This is a read-only archive!

Spam spam spam spam spammity spam

I woke up this morning to about 50 spam emails and some notifications from my host that my CPU usage was about 200% over the past four hours. Turns out spamd was going mental. Not sure what caused it but it seems to be working again after I restarted it.

One of the worst things about running your own mail server is spam. I don't much about how to do it properly. I have SpamAssassin running, I tweaked the settings and trained it well, and it works OK. Of 8,000 spams in the past week or two, I think only two made it through to my inbox. But I keep thinking there must be a better way.

For a while I tried greylisting. Greylisting means you pseudo-bounce every email you get, and force the mail server to resend it. Once it's resent, that server is added to a whitelist. The idea is that spam servers won't bother resending and genuine mail servers will.

I ran this way via Postgrey for a couple months. The good thing is that it works pretty much as advertised. I went from hundreds of spam emails per day, to fewer than a dozen. SpamAssassin caught all of those dozen and I never saw them. It was nice.

The problem with this, however, is twofold.

  1. All mail from people you've never heard from before is delayed 5-10 minutes. This is very annoying in certain circumstances, e.g. registering for an account at a new message board or buying something from an online store you never used before. I'd rather like to see the receipt or user registration right away. So to get around this I had to go add them to a whitelist on the server every time, which was ridiculous.

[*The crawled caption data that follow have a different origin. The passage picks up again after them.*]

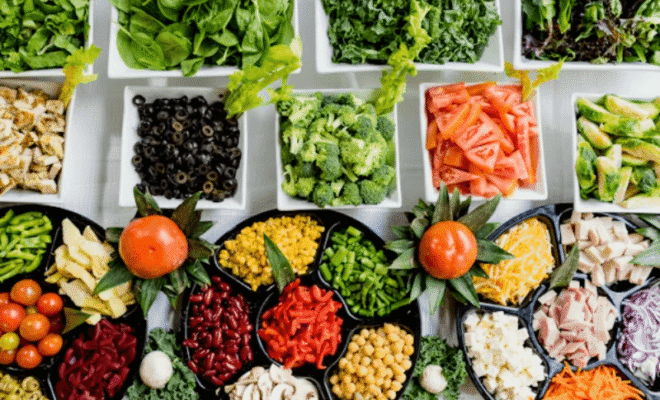 mediterranean diet benefits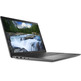 Portátil Dell Precision 3550: 15,6" I7 (10a GEN.) 16GB RAM 512GB SSD Reacondicionado Grau A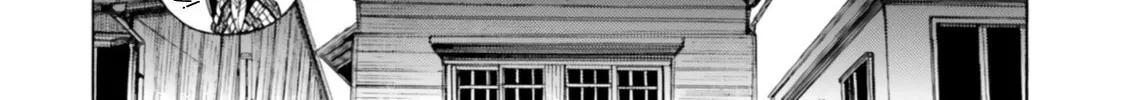 Himawari-san Chapter 77 page 64 -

  2. Not all genuine mail servers bother resending after the temporary bounce, so you lose mail. You need only look in /etc/postgrey/whitelist_clients and see the enormous list of mail servers that Postgrey knows NOT to greylist, to be scared into never using Postgrey again. This includes yahoo.com, ebay.com, a bunch of airlines, and so on. The list goes back to 2005 and obviously is an incomplete list, since it only includes servers that people reported having problems with. I had to add gmail.com to it myself to avoid losing mail from my wife (domains that use large pools of mail servers will always be greylisted, it seems).

Losing mail is the reason I stopped using Postgrey. So I'm back to SpamAssassin alone and dealing with an occasional spam or two, while my spam inbox balloons.

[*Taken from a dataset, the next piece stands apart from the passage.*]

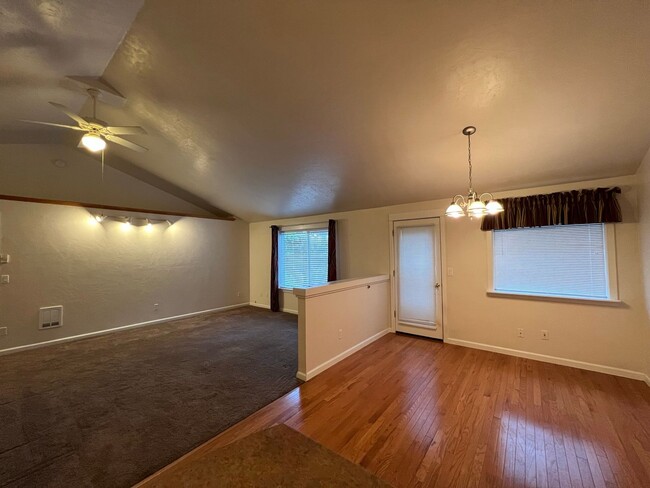 Building Photo - $250.00 OFF Move in Costs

October 17, 2009 @ 4:59 AM PDT
Cateogory: Linux
Tags: Spam, Email, Linux

2 Comments

Jason
Quoth Jason on October 17, 2009 @ 2:37 PM PDT

I stopped using SpamAssassin years ago, when it became obvious it was too much for my smallish VPS to deal with. At this point, I use a bunch of checks I've configured in Postfix, many of which I got from an article similar to this one.

I also block using zen.spamhaus.org, though I don't know how often that results in blocked legitimate e-mail. I certainly haven't noticed any. To wrap it up, I also use spamprobe with procmail on my personal maildir. However, 99% of the spam it has to deal with comes from accounts I pull with fetchmail, as the restrictions above seem to stop most spam that tries to come through directly.

Patrick
Quoth Patrick on October 17, 2009 @ 5:30 PM PDT

I'm using a well-trained bogofilter for years now, with very good results. Many people tell me, that a Bayesan-only filter doesn't get the job done, but for my idea of what is spam/ham it just works. And it does so really fast. So maybe this could be an alternative to your current SpamAssassin solution. What I really find useful is the tristate filtering - there is Spam, Unsure and Ham. You can tune the threshold values yourself (mine are 0.65,0.35). This way you can be quite sure that there will never be Spam in your inbox, but at the same time mails where the filter is not so sure that it's really Spam won't end up in the quickly growing Spam folder. I get around 2 to 10 mails in my Unsure folder per week. Nearly all of them are actually Spam, but I don't want to risk false positives (Ham going into the Spam folder), so I leave my thresholds as they are.